Scan the records below for the line with "Chalk Paint Special- Black Sage -500ml" and the line with "Used 2022 Mazda", and retype that range exactly, both ends included, pictures excepted.

═══

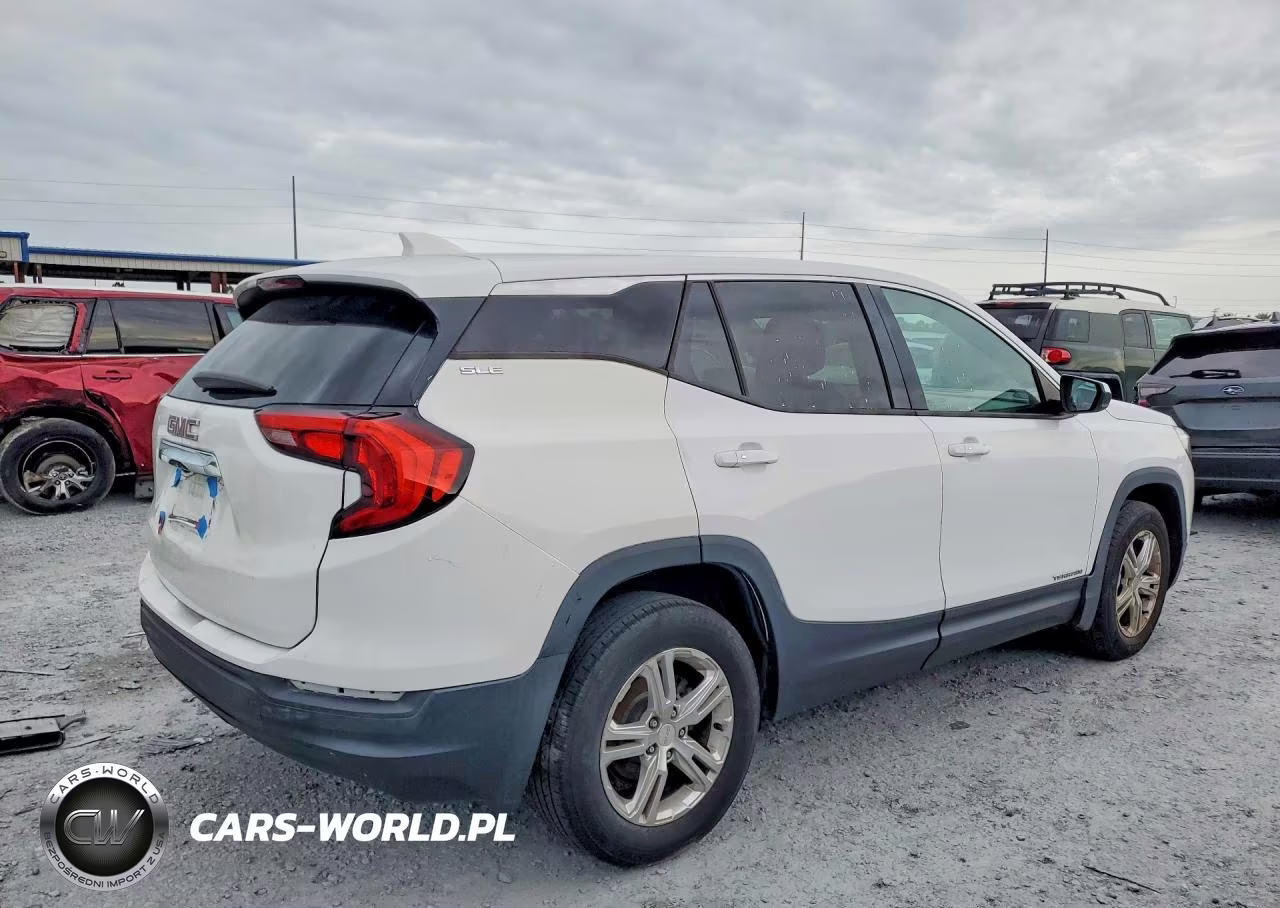 2018 GMC Terrain Sle VIN:3GKALMEV1JL383060 - 3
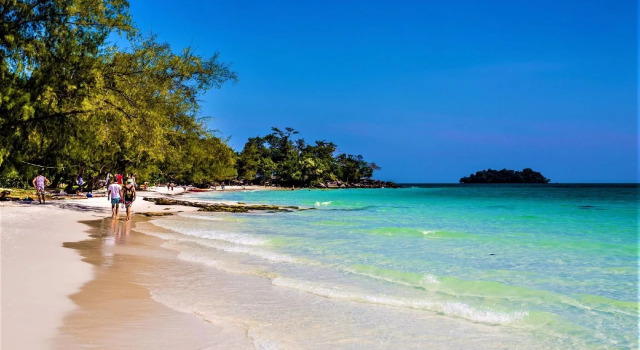Paradise Villas Koh Rong Sanloem, Забронировать Отель Ронгсанлем провинция Преа-Сианук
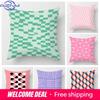 Pillow Cover With Zipper Closure Ins Style Geometric Abstract Cushion Cover - Modern Decorative Pillow Cover For Sofa Bed
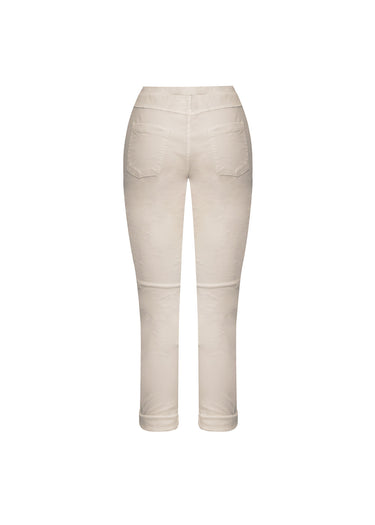 Pantalón Comfort Cream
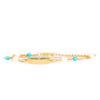 Bracelet Perlé Persan pour Femme – Design Cheshm Nazar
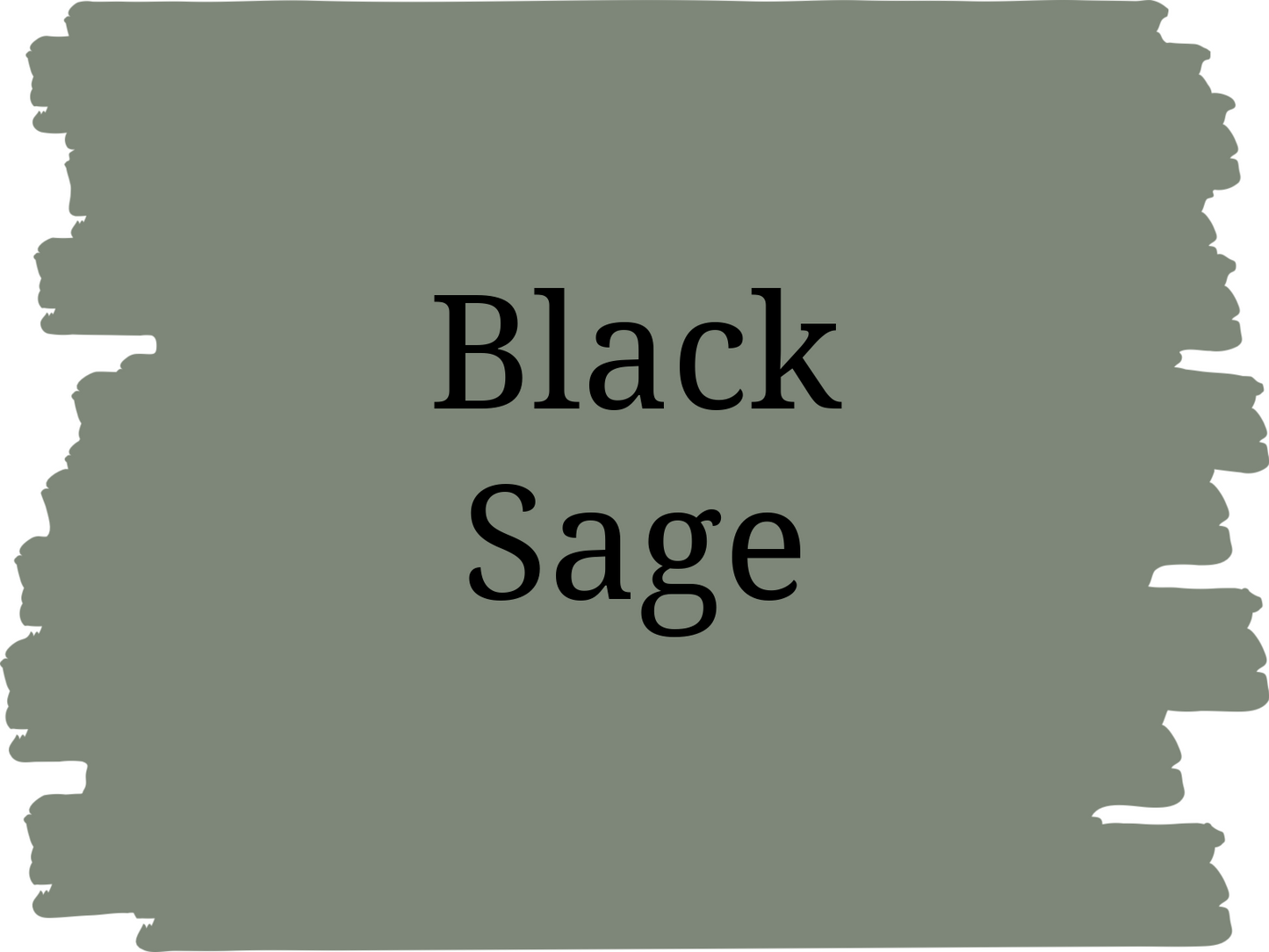 Chalk Paint Special- Black Sage -500ml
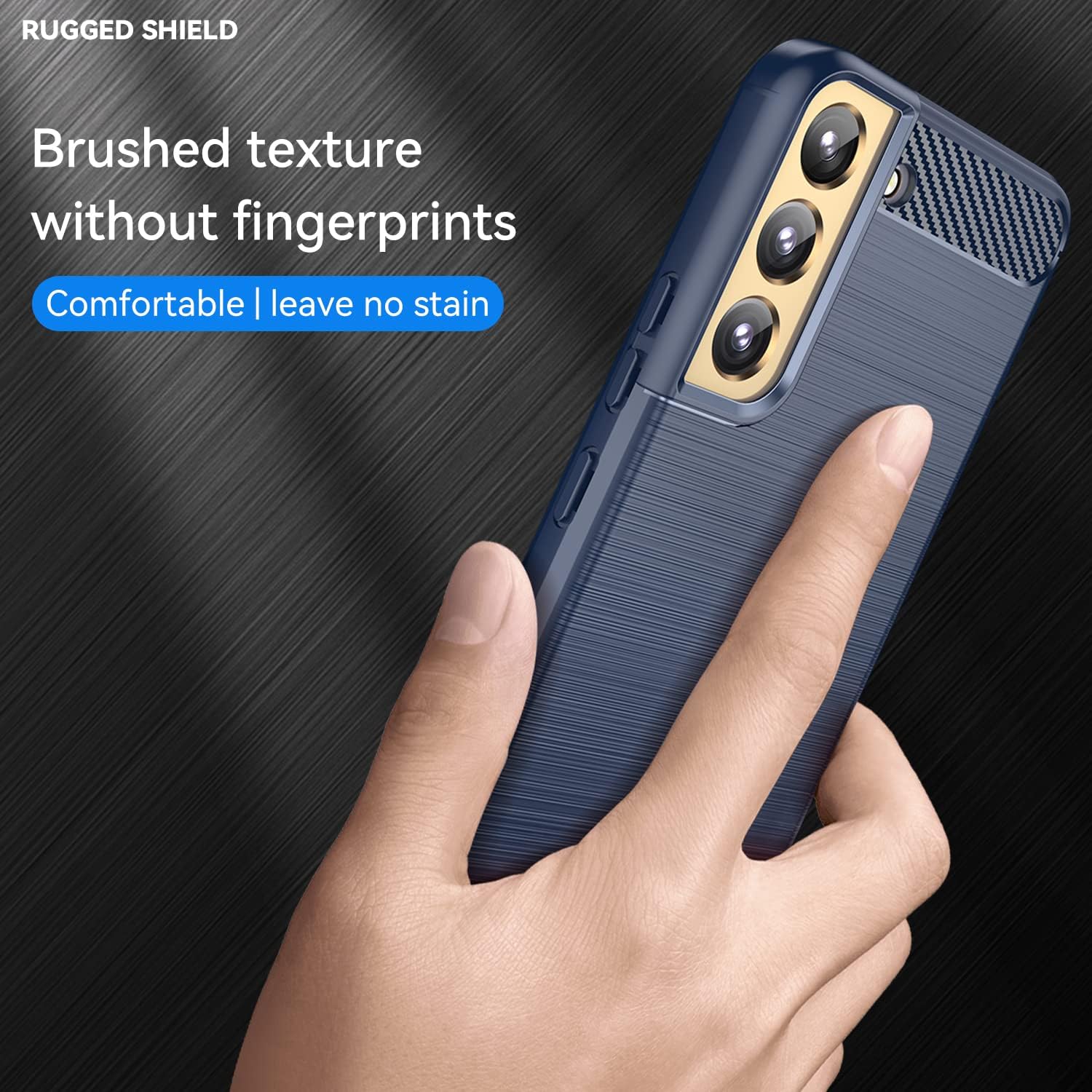 Case for Samsung Galaxy S23 5G TPU Slim Silicone Case w Tempered Glass Screen - Image 5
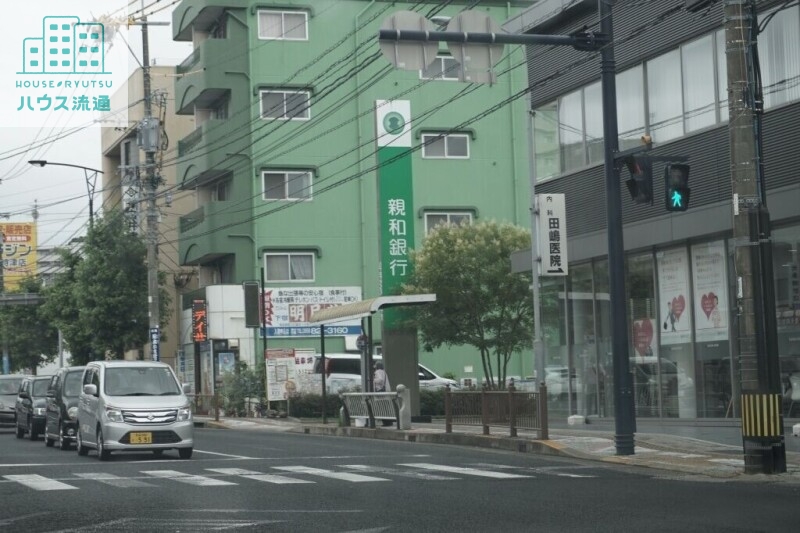 銀行　十八親和銀行時津支店（銀行）まで1363m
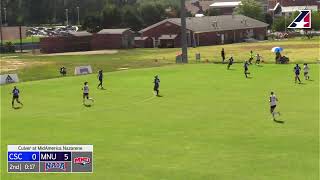 MNU Womens Soccer vs CulverStockton 2023 [upl. by Rori589]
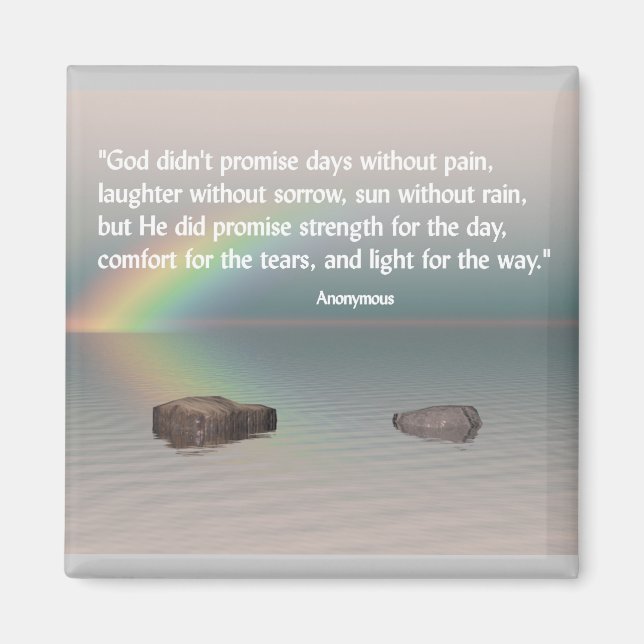 Sorrow and Comfort Magnet (Framsidan)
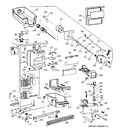 Diagram for 3 - Freezer Section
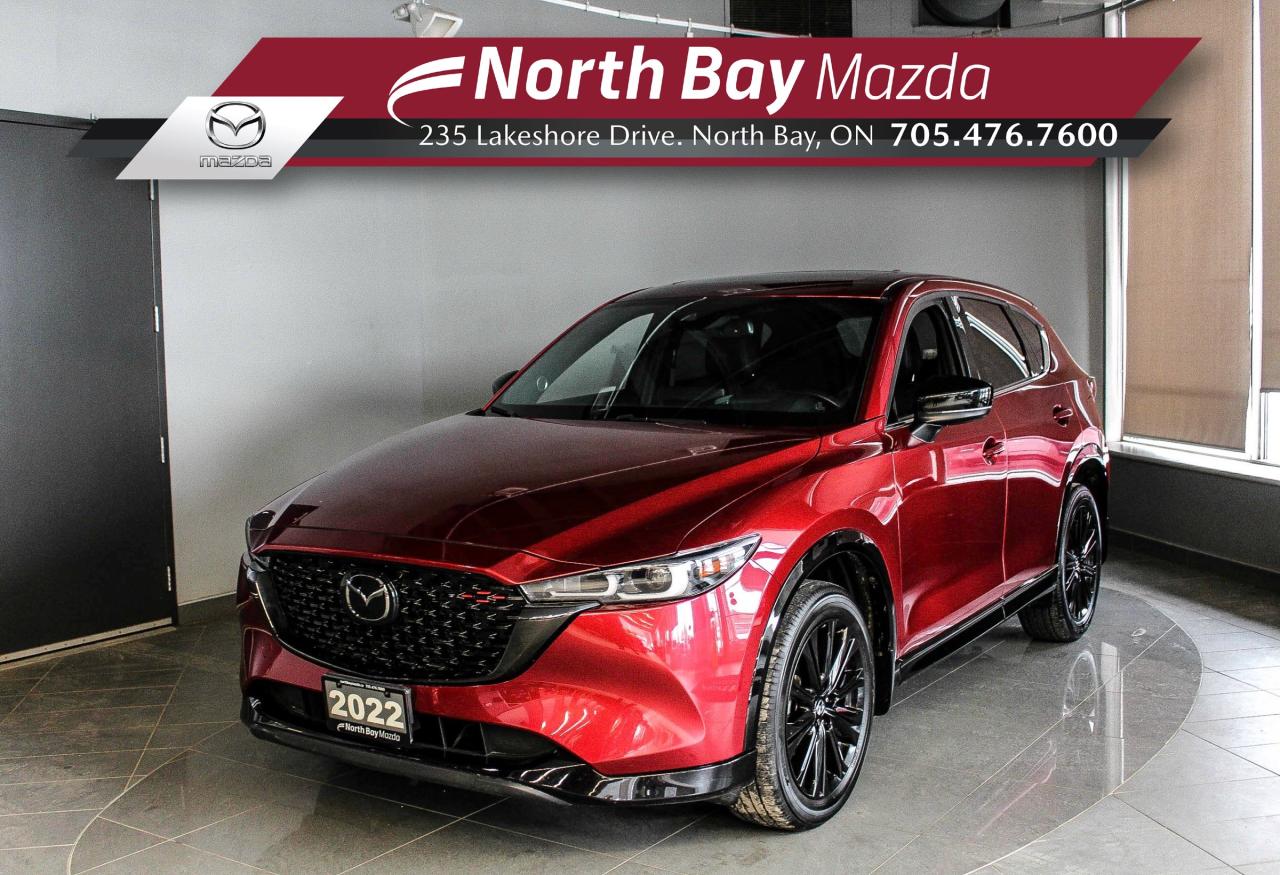 Used 2022 Mazda CX-5 GT HEATED/VENTILATED SEATS - NAVIGATION - BOSE AUDIO for sale in North Bay, ON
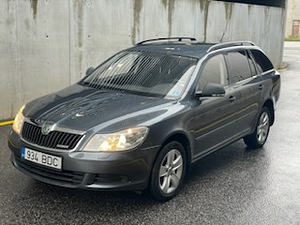 Škoda Octavia 1.6 (Bensiin + LPG) Väga heas seisukorras (8 foto / 9)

═══

Answer for this exercise:
 Chalk Paint Special- Black Sage -500ml
 Case for Samsung Galaxy S23 5G TPU Slim Silicone Case w Tempered Glass Screen - Image 5
 銀行　十八親和銀行時津支店（銀行）まで1363m
 MNU Womens Soccer vs CulverStockton 2023 [upl. by Rori589]
 Sorrow and Comfort Magnet (Framsidan)
 Diagram for 3 - Freezer Section
 Used 2022 Mazda CX-5 GT HEATED/VENTILATED SEATS - NAVIGATION - BOSE AUDIO for sale in North Bay, ON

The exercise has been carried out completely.